Once the line containing "Dinner at La ferme aux grives, Michel Guerard" is found in the data below, repeat it and every later line exactly, leaving the pictures out.
(Records to process begins)
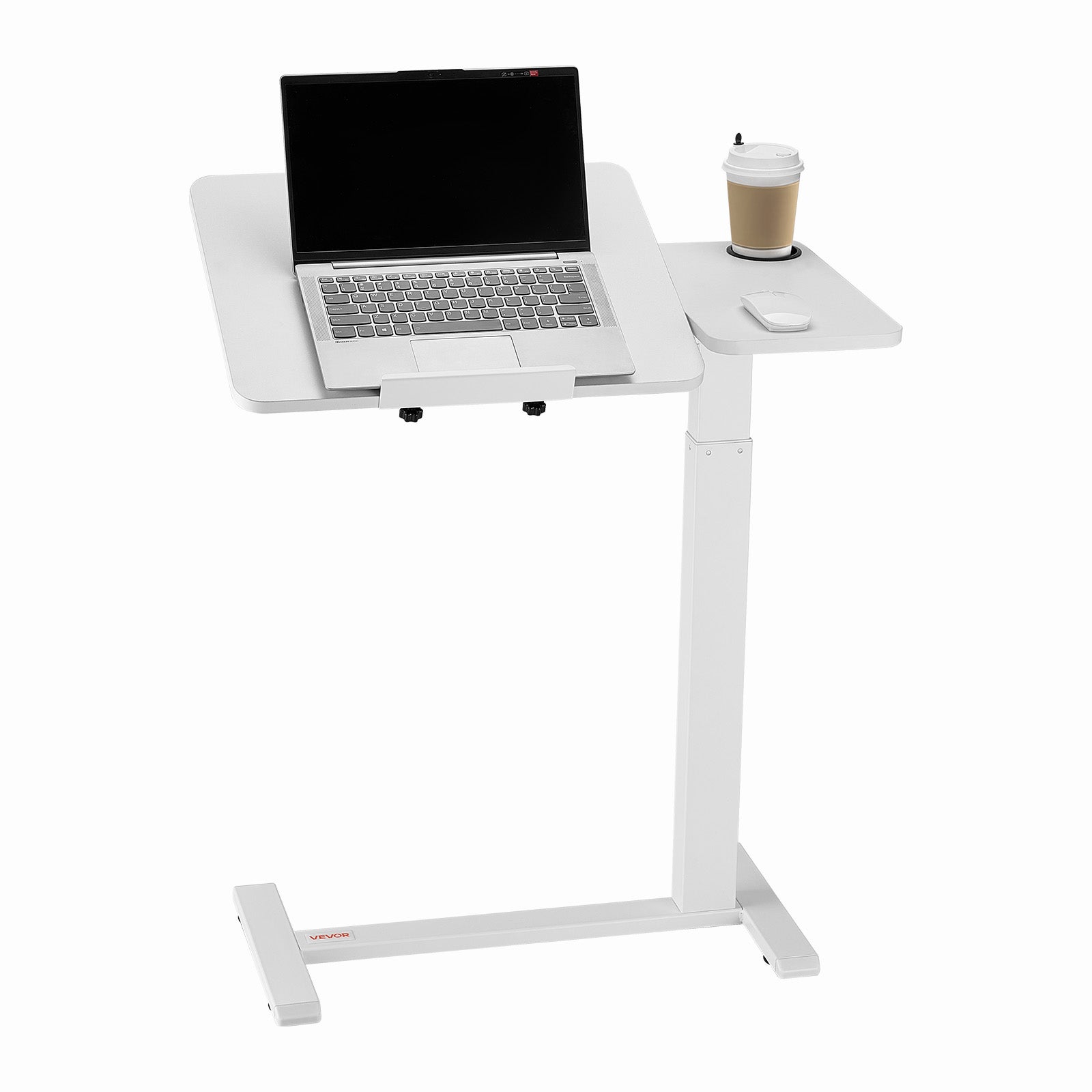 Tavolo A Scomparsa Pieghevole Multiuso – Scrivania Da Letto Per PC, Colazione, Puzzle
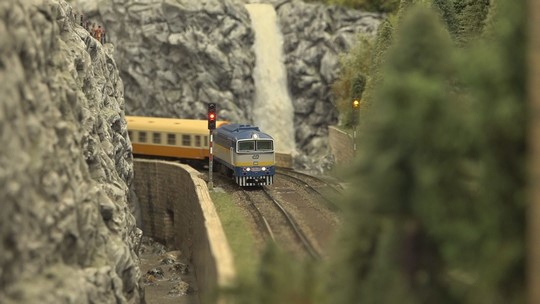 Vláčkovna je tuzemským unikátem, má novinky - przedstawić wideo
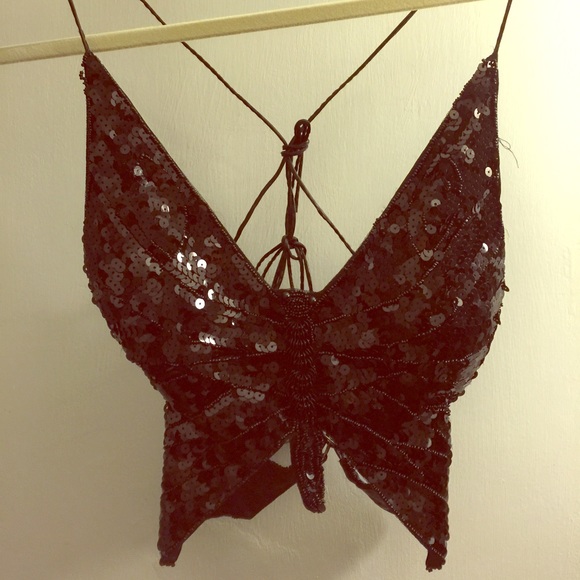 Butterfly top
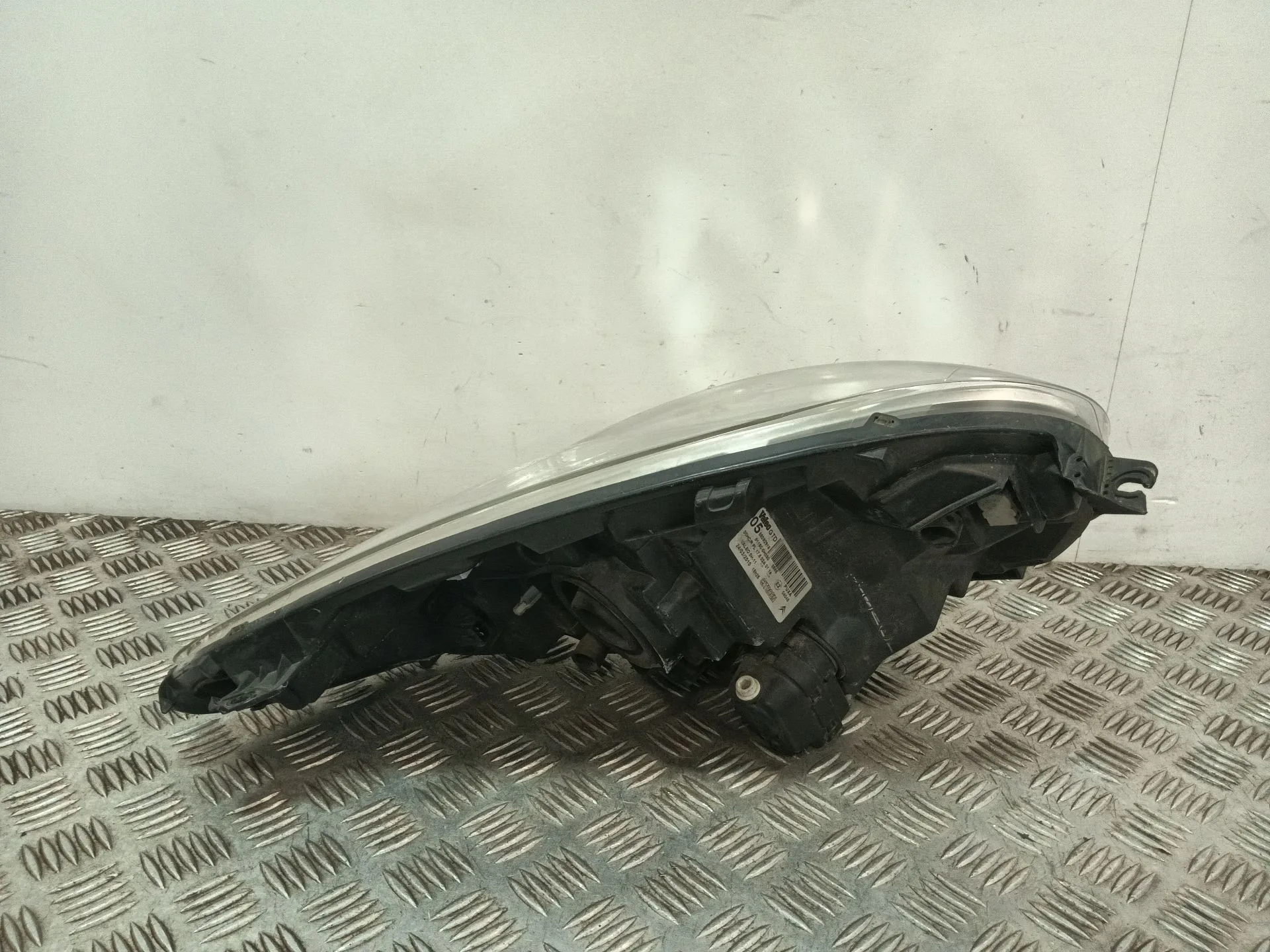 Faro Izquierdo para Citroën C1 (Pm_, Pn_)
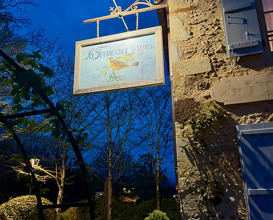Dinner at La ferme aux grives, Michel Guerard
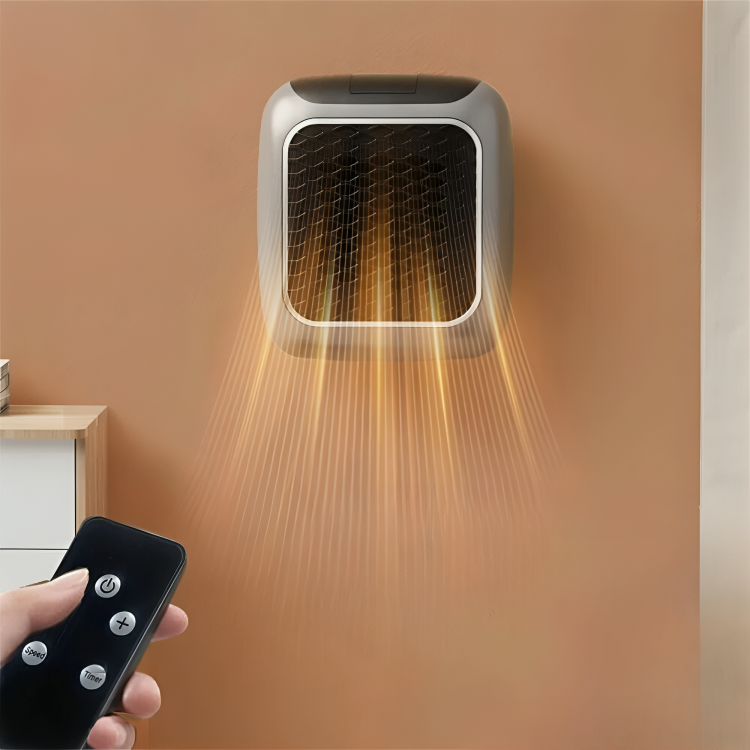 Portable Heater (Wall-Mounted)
(Records to process ends)
## [Output below]
Dinner at La ferme aux grives, Michel Guerard
 Portable Heater (Wall-Mounted)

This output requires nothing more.